Hearing loss is common and falls into two general categories: conductive and sensorineural.
WHAT IS SENSORINEURAL HEARING LOSS (SNHL)?
SNHL is hearing loss resulting from damage to the nerves that move from the inner ear to the brain or damage to the stereocilia (auditory cells that look like tiny hairs under a microscope) in the inner ear.
SNHL commonly affects both ears and is irreversible. There are two forms of SNHL, acquired or congenital and the effects range from mild, moderate, severe, to profound.
WHAT ARE THE SYMPTOMS OF SENSORINEURAL HEARING LOSS?
- Muffled sounds
- Difficulties understanding voices
- Clogged sensation in the ear
- Ringing sounds
- Dizzy spells
WHAT CAUSES SENSORINEURAL HEARING LOSS (SNHL)?
Sensorineural hearing loss is described as being either acquired or congenital.
Acquired sensorineural hearing loss
This is the most common form of hearing loss, it happens in adults and usually develops later in life caused by:
- Aging: The gradual loss of hearing over time as individuals age is known as presbycusis. It affects one out of every three persons over the age of 65 in the U.S. This type of loss can be difficult to notice as it typically happens in both ears slowly over the course of many years.
- Noise: Noise-induced hearing loss (NIHL) is cause by exposure to sounds louder than 85 decibels (dB). Occupational or recreational exposure to loud noises, like explosions, plane engines, construction sites, sporting events, live concerts, or fireworks. If you have to shout to speak with someone close by or your ears ring after attending a live event, it’s like you’ve suffered noise-induced damage to your ears.
- Illness and infections: Viral infections such as measles, meningitis, and mumps have been known to cause sensorineural hearing loss. Autoimmune disorders like Lyme disease, lupus, fibromyalgia, and rheumatoid arthritis (RA) have also triggered hearing loss.
- Tumors: Abnormal skin growth in the middle ear is known as cholesteatoma or an acoustic neuroma, a benign tumor that develops on the auditory nerves that lead from your inner ear to your brain.
- Head or noise trauma: A hard hit to the head can also cause damage to your inner ear. Concussions have been linked to tinnitus and hearing loss. Exposure to one-time bursts of loud noises can also compromise hearing health.
- Medication: There are over 200 regularly prescribed and over-the-counter medications that are considered to be ototoxic. These medications, which include some forms of antibiotics, anti-inflammatory medication, and chemotherapy drugs, are known to damage the ear and can result in hearing loss, tinnitus, or balance disorders.
Congenital sensorineural hearing loss
Congenital sensorineural hearing loss is rare and happens during pregnancy. Some of the causes are maternal diabetes, an infectious disease passed in the womb, premature birth, lack of oxygen during birth, and genetic predisposition.
With the advent of newborn screening, children born with congenital sensorineural hearing loss are diagnosed early and able to begin treatment to help with the early development of language.
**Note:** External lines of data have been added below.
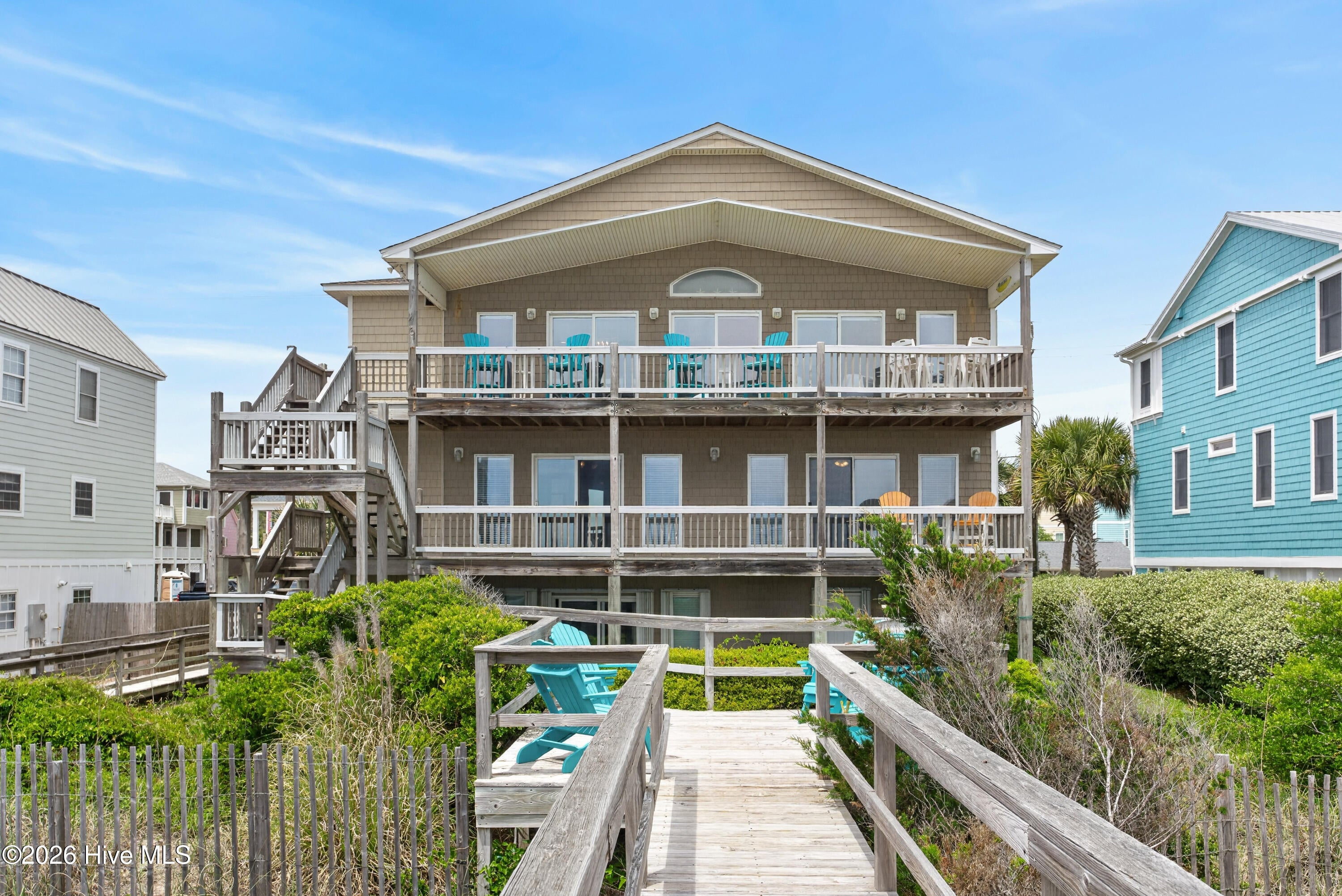 911 Fort Fisher Boulevard S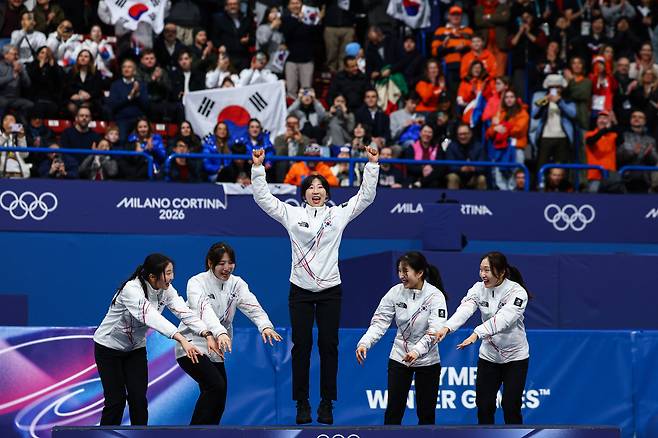 18일 밀라노 코르티나 2026 동계올림픽 쇼트트랙 스피드 스케이팅 여자 3000m 계주 금메달리스트인 한국의 선수들이 시상식에서 시상대 위에 오르며 세리머니를 하고 있다.가운데는 경기에 뛰지 않은 이소연 선수./로이터 연합뉴스
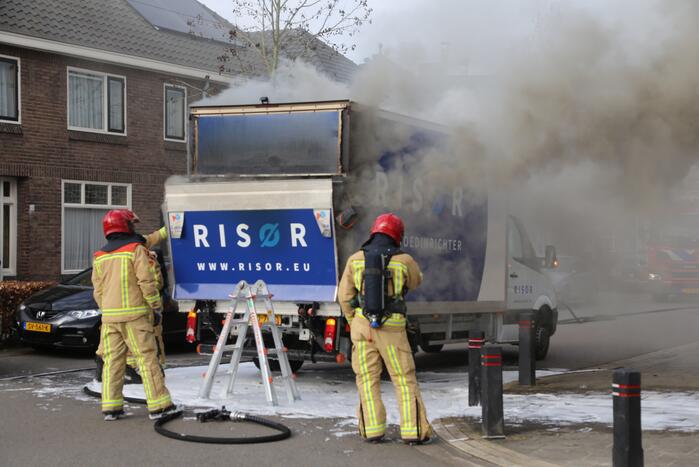 Lading van bakwagen vliegt in brand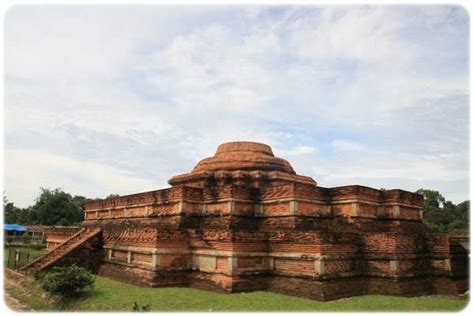 Disekitar situs sejarah candi muara takus. Candi Muara Takus - Kampar, Riau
Sudden sensorineural hearing loss
In rare cases, people have developed sudden deafness. This typically happens in one ear when an unexplained loss of hearing occurs over the course of a few days or rapidly at once.
You should seek immediate medical attention if you experience sudden sensorineural hearing loss.
HOW DOES SENSORINEURAL HEARING LOSS AFFECT HEARING?
SNHL affects the tone and distinction of sounds and also limits the range of comfortable sounds. People with sensorineural hearing loss struggle to make out speech when there is a lot of background noise.
Sounds that were once normal are now too soft to hear while louder sounds may become uncomfortable or unbearable. Sensorineural hearing loss can also exaggerate the symptoms of age related hearing loss, making higher frequencies hard or impossible to hear, while other sounds and frequencies become muffled.
HOW TO TREAT SENSORINEURAL HEARING LOSS?
Unfortunately, sensorineural hearing loss is not repairable but there are a few treatment options available.
- Hearing aids are typically the first recommendation for effective treatment. Small devices, that fit in your ear. They work to amplify the sounds in your environment.
- Implants are recommended in case where ear worn devices don’t work. Implants have a mechanism that sends sounds directly to the inner ear.
After determining the cause and severity of your sensorineural hearing loss, a hearing health professional can fit you with a device programmed specifically for you hearing needs.